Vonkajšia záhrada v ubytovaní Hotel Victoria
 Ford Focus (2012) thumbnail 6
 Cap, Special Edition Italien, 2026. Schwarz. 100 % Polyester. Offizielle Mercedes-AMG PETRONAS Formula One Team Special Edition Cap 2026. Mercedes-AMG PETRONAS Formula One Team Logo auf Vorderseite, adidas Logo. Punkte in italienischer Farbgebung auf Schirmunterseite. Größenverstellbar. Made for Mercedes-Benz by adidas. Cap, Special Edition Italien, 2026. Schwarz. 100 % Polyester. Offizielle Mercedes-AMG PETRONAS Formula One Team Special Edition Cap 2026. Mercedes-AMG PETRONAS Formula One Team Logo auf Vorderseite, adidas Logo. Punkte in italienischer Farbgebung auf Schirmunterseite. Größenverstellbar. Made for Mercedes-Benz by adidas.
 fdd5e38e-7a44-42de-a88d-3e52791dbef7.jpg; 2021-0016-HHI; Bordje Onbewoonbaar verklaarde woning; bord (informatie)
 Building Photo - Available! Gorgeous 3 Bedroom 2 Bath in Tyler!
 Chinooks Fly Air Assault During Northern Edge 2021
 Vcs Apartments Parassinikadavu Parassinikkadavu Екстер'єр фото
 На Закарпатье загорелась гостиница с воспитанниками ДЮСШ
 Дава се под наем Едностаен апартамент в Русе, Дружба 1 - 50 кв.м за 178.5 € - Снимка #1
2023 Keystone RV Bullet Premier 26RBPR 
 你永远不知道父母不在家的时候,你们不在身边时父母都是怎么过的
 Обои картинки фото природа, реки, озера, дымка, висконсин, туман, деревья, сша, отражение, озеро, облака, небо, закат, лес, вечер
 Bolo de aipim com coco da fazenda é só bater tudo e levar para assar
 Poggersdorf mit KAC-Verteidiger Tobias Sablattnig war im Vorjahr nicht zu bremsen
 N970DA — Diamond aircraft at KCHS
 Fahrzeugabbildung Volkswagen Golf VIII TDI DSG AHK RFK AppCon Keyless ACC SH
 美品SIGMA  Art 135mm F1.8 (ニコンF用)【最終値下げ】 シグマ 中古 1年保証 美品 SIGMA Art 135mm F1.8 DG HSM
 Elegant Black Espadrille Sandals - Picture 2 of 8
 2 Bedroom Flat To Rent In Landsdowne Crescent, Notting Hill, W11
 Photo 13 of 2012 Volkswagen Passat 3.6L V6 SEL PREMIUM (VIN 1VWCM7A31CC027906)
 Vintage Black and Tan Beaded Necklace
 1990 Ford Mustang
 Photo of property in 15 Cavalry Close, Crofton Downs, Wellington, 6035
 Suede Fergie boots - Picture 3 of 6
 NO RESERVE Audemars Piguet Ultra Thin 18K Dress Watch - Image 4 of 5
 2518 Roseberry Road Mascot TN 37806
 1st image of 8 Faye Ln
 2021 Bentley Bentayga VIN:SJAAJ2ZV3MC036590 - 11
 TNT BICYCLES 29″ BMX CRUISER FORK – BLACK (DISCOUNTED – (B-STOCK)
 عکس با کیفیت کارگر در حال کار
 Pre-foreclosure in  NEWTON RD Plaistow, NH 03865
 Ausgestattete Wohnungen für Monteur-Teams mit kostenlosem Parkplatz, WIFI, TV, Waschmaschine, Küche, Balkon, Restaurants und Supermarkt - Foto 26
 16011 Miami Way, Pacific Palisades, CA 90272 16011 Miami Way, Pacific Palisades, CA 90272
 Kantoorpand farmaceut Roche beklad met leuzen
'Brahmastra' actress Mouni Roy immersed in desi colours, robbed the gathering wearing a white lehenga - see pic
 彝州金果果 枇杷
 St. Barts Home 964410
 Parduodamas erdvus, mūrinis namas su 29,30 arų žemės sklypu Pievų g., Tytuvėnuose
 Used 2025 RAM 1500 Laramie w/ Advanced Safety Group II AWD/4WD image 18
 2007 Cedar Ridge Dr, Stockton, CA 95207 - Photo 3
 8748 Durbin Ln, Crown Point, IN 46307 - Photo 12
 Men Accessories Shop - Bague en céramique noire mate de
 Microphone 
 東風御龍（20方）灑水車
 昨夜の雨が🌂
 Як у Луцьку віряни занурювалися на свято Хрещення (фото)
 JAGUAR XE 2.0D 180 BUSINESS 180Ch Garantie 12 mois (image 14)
______
§ Work task: In the listing above, find the line containing "2023 Keystone RV Bullet Premier 26RBPR" and the line containing "Bolo de aipim", then repeat those two lines and everything between them exactly.

§ Exercise solution:
2023 Keystone RV Bullet Premier 26RBPR 
 你永远不知道父母不在家的时候,你们不在身边时父母都是怎么过的
 Обои картинки фото природа, реки, озера, дымка, висконсин, туман, деревья, сша, отражение, озеро, облака, небо, закат, лес, вечер
 Bolo de aipim com coco da fazenda é só bater tudo e levar para assar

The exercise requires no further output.